Namun, dalam kasus lain, unjuk rasa bisa menjadi kacau ketika polisi melakukan hal-hal yang seharusnya tidak dilakukan. Alhasil, ada pihak yang menuntut tanggung jawab polisi atas tindakan di luar batas.
Sayangnya, dalam beberapa kasus, polisi menyamar untuk menyembunyikan identitas sehingga sulit untuk diidentifikasi. Tapi, kini para aktivis semakin pintar berkat perangkat lunak pengenalan wajah untuk identifikasi polisi yang menyamar.
Terdengar ironis memang. Sebab, alat yang mereka gunakan sejatinya sama yang digunakan oleh polisi untuk mengidentifikasi pengunjuk rasa. Lantas, bagaimana ceritanya demonstran bisa punya alat itu?
{Baca juga: Giliran Komunitas Teknologi Protes Soal Pengenalan Wajah}
Menurut laporan Ubergizmo, seperti dikutip Telset, Sabtu (2/1/2021), seorang programmer otodidak bernama Christopher Howell membuat program sendiri setelah terkena gas air mata pada awal tahun ini.
“Ada semacam momen ‘mandi pikiran’ bagi saya. Ada persimpangan dari apa yang saya rasakan. Akuntabilitas penting. Kita perlu tahu siapa yang melakukan apa sehingga bisa menghadapinya,” terangnya.
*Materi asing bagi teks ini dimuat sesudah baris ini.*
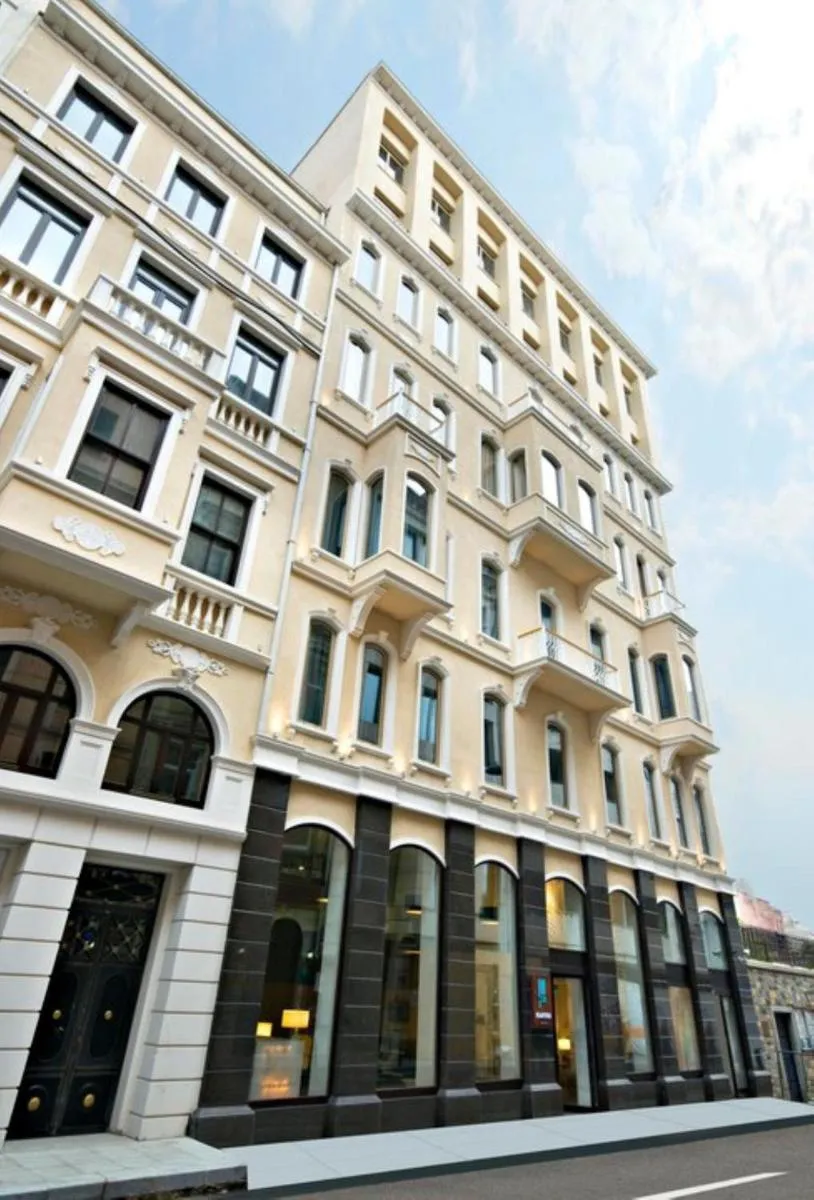 Image 3 of Miapera Hotel and Spa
Andrew Maximov, pengembang lain, menambahkan bahwa semua orang sadar bahwa pejabat maupun petugas bisa menggunakan facial recognition untuk mengidentifikasi dan menindas orang-orang kecil.
“Namun, sekarang, kita mendekati ambang teknologi. Pengunjuk rasa bisa melakukan seperti yang petugas lakukan. Masyarakat bisa mengidentifikasi polisi, bahkan yang sedang menyamar,” pungkas Maximov.
Teknologi Pengenalan Wajah Langgar HAM
Sebelumnya, pengadilan Inggris memutuskan bahwa teknologi pengenalan wajah langgar HAM (hak asasi manusia). Keputusan itu adalah kemenangan melawan praktik invasif oleh pihak berwenang.
Dalam kasus yang disebut-sebut sebagai yang pertama, Pengadilan Banding Inggris telah memutuskan bahwa perkara yang membelit juru kampanye hak-hak sipil Ed Bridges merupakan kesalahan pihak Kepolisian Wales Selatan.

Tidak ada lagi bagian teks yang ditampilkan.